Lower Bound = 50–2*36.76729 = -23.53458

Upper Bound = 50 + 2*36.76729 = 123.53458

As no value is below lower bound and there is also no value above upper bound. There is no anomaly based on medium anomaly.

(3) Strong Anomaly: Any value outside (Mean — 3*Standard Deviation) and (Mean + 3*Standard Deviation).

As there is no medium anomaly, it is not possible to have any strong anomaly. However, let us still compute the lower and upper bound.

Lower Bound = 50–3*36.76729 = -60.30187

Upper Bound = 50 + 3*36.76729 = 160.30187

As there is no value outside the lower and upper bound, there is no strong anomaly based on this method.

Anomaly Based on Interquartile Range:

Below, we give anomalies based on interquartile range:

(1) Weak Anomaly: Any value outside (Q1–0.75*Interquartile Range) and (Q3 + 0.75*Interquartile Range).

Lower Bound = Q1–0.75*Interquartile Range = 12–0.75*71 = -41.25

Upper Bound = Q3 + 0.75*Interquartile Range = 83 + 0.75*71 = 136.25

As per this method, there is no value outside the lower and upper bound, so there is no weak anomaly.

(2) Medium Anomaly: Any value outside (Q1 — Interquartile Range) and (Q3 + Interquartile Range).

Lower Bound = Q1 — Interquartile Range = 12–71 = -59

Upper Bound = Q3 + Interquartile Range = 83 + 71 = 154

As there is no value outside the lower and upper bound, so there is no medium anomaly.

(3) Strong Anomaly: Any value outside (Q1–1.5*Interquartile Range) and (Q3 + 1.5*Interquartile Range).

Lower Bound = Q1–1.5*Interquartile Range = 12–1.5*71 = -94.5

Upper Bound = Q3 + 1.5*Interquartile Range = 83 + 1.5*71 = 189.5

As there is no value outside the lower and upper bound, so there is no strong anomaly as per interquartile range.

If we carefully study the above methods, we find that value should be far from mean and median to be anomaly. Thus, it is highly unlikely that mean or median can be anomaly.

I have used a software “Discover” to compute anomaly for the given data. Please note that “Discover” can be used for millions of rows and hundreds of columns. It can compute anomaly from millions of rows and hundreds of columns in few minutes. So, using it for 13 rows and one column was over-killing it. However, I wanted to find outlier of this data set, so I have used it just out of curiosity. Please note that I have used “Discover” on unsorted data. Below, I give screenshot of the result:

Discover’s result for Anomaly detection of the data set mentioned above

From the above, we find that value 50 is anomaly with the score of 72.42% and 102 is anomaly with the score of 50.98%. So, if there is any anomaly it must be 50, though it is likely to be weak anomaly as score is 72%. Please note that 50 is the mean and median of the given data. Now, statisticians probably will not agree with the result but let us analyse and do further research.
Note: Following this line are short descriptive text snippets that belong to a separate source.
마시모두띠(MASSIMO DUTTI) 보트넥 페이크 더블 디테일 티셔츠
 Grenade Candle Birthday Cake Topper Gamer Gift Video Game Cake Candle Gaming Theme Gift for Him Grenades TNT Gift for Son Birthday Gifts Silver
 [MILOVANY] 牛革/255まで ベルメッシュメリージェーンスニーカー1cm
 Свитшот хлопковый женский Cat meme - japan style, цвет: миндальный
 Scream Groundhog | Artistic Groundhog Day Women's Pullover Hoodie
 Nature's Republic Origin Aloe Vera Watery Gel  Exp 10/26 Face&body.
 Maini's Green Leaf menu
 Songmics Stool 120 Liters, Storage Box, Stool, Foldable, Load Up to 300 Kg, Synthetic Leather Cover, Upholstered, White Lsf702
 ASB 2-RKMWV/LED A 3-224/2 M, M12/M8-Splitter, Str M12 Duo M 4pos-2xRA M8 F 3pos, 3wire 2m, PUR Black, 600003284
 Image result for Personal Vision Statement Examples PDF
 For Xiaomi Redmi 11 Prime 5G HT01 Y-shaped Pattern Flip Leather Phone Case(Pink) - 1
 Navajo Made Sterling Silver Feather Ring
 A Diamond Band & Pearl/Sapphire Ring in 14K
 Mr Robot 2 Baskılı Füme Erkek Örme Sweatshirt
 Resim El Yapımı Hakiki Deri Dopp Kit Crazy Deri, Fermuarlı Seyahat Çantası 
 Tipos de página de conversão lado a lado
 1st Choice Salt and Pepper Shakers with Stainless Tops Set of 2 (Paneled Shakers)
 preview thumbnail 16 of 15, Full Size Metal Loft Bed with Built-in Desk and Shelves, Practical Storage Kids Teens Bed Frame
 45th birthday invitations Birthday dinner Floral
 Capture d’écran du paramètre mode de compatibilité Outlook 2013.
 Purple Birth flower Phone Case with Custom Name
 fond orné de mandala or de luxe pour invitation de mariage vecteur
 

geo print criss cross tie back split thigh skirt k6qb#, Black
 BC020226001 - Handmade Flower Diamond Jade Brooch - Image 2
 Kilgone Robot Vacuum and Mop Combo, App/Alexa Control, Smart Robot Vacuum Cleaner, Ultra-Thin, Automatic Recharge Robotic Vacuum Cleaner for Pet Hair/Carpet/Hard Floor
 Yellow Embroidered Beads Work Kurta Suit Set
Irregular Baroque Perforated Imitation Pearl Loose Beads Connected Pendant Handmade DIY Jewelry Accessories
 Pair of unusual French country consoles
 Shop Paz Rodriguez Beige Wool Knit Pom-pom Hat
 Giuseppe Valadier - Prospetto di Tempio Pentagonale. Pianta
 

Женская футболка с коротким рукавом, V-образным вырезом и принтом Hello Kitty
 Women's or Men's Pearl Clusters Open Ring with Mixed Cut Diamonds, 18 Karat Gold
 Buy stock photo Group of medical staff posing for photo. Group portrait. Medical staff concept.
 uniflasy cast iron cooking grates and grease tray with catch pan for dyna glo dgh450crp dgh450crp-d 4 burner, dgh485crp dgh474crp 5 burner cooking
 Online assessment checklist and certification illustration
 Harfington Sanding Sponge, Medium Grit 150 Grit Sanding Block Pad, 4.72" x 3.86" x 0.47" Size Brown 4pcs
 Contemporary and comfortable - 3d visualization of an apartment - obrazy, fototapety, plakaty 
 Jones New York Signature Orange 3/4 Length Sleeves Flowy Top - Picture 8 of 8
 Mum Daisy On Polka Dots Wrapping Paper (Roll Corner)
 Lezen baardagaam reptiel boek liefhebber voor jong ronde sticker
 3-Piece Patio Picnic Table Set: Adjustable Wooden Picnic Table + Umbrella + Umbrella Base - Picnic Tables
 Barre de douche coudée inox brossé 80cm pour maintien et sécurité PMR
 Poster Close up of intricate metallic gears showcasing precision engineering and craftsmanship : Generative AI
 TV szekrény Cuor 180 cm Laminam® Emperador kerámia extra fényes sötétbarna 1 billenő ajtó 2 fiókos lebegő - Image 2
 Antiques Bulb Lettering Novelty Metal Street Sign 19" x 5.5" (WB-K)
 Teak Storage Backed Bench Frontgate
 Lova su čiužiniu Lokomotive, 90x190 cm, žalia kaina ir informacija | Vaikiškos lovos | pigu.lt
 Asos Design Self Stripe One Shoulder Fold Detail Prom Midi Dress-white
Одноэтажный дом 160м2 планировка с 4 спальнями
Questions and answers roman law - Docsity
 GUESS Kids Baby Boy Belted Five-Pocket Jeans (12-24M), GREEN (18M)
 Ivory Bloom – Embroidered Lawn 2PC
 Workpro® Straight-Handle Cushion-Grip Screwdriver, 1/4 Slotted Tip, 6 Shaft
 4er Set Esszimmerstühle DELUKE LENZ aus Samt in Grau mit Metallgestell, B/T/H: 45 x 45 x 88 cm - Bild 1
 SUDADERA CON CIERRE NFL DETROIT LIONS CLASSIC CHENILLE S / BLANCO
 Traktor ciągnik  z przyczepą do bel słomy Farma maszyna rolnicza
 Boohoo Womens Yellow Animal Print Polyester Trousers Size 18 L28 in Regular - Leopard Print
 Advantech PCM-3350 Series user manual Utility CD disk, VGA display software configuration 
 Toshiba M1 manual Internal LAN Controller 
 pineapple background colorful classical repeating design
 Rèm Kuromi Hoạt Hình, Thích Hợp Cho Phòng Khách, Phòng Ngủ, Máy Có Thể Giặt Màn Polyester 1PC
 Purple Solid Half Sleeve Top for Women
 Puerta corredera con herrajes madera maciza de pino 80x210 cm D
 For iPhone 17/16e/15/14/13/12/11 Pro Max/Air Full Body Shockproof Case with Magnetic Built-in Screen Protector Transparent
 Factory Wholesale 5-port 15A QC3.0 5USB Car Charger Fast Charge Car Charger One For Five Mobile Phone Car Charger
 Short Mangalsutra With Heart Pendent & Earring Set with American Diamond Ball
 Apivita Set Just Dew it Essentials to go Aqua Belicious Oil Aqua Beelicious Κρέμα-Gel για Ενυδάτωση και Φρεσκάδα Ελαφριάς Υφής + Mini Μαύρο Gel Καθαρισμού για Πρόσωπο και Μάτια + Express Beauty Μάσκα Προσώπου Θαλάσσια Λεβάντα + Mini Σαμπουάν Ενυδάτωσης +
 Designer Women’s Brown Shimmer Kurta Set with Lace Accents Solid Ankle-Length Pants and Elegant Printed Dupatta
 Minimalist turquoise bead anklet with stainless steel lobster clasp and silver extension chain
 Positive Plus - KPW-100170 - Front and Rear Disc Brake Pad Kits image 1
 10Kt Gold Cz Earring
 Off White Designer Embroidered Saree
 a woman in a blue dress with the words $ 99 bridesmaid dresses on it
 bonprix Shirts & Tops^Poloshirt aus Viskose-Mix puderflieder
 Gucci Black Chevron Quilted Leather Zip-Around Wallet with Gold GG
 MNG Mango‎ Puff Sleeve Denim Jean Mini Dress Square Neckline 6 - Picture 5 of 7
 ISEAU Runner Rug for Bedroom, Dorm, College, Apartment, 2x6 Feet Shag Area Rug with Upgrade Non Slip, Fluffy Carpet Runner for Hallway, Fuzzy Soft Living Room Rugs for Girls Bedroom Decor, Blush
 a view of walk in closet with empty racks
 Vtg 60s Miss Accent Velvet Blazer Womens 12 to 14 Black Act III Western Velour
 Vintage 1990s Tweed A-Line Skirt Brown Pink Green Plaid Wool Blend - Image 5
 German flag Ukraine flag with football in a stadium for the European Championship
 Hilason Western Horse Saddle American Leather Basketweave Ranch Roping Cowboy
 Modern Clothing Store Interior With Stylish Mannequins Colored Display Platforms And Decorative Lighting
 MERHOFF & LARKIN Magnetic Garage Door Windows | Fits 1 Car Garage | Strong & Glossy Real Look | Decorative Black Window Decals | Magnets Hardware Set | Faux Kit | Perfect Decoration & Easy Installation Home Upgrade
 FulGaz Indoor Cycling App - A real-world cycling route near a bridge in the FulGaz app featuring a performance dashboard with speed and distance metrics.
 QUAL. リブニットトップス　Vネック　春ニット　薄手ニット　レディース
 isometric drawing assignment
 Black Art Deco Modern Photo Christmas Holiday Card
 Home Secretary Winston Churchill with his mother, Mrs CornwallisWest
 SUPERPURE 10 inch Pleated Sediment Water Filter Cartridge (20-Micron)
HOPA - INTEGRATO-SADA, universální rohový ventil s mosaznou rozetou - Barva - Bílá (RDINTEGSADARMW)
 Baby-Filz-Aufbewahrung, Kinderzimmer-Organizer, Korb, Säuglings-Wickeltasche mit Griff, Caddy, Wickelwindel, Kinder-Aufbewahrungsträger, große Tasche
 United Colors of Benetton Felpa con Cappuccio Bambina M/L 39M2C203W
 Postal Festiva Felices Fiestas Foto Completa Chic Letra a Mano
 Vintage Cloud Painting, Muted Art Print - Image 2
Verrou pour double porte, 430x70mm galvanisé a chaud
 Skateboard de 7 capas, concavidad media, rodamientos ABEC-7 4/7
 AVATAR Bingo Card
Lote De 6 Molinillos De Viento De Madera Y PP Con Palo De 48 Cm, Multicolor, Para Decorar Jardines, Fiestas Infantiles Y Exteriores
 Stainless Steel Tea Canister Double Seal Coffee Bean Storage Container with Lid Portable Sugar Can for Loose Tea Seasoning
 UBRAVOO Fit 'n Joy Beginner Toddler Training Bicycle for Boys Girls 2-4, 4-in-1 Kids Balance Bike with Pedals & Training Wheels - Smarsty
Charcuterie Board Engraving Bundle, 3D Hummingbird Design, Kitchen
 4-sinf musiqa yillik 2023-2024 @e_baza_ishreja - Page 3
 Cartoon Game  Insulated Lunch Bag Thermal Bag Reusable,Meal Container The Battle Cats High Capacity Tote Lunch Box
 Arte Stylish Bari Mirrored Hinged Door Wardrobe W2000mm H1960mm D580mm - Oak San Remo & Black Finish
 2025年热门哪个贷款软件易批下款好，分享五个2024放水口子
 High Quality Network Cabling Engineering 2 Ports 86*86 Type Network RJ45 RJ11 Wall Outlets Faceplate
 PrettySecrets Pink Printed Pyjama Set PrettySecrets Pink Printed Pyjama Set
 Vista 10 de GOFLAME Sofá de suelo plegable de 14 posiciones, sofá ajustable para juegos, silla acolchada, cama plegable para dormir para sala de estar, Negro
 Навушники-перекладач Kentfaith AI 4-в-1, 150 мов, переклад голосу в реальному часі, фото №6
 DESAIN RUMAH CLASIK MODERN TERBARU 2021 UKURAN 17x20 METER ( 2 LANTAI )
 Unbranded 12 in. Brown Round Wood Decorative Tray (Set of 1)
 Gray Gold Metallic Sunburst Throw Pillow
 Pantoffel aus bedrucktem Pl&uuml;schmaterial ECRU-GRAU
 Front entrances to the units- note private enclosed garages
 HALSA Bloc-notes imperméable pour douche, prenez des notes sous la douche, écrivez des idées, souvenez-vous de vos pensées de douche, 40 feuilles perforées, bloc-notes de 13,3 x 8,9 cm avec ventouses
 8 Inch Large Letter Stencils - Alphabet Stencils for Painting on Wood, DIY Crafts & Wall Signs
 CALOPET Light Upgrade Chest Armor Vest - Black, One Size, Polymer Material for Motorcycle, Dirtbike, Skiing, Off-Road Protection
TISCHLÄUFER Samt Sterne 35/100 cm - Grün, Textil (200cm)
Let us create the graph of sorted values:

Data points of the mentioned data set plotted as graph

If we see the above graph, we have divided the values into four cluster. The first cluster is containing the values 8,9,11,12,18 and 25. These are close to each other. The value 50 (mean and median) is in cluster 2. It is isolated and far from any other cluster. So, if there is any anomaly, it must be this only. The values 80,83,83,84 and 85 are close to each other and are in the third cluster. The last value of 102 is in fourth cluster. This is also isolated but not far from 85. Thus, the result given by “Discover” are highly accurate and the score denotes its outlier score in percent.

The nearest value to 50 is 25, the difference is 25. The next nearest value to 50 is 80, the difference is 30. So, we find that both the nearest values are far from 50. However, there is no other value that is thus far from nearest values. For example, the nearest value to 102 is 85, and the difference is 17. The next nearest value is 84 and the difference is 18.

Thus, mean and median can be outliers though these are likely to be weak anomalies and only in exceptional circumstances.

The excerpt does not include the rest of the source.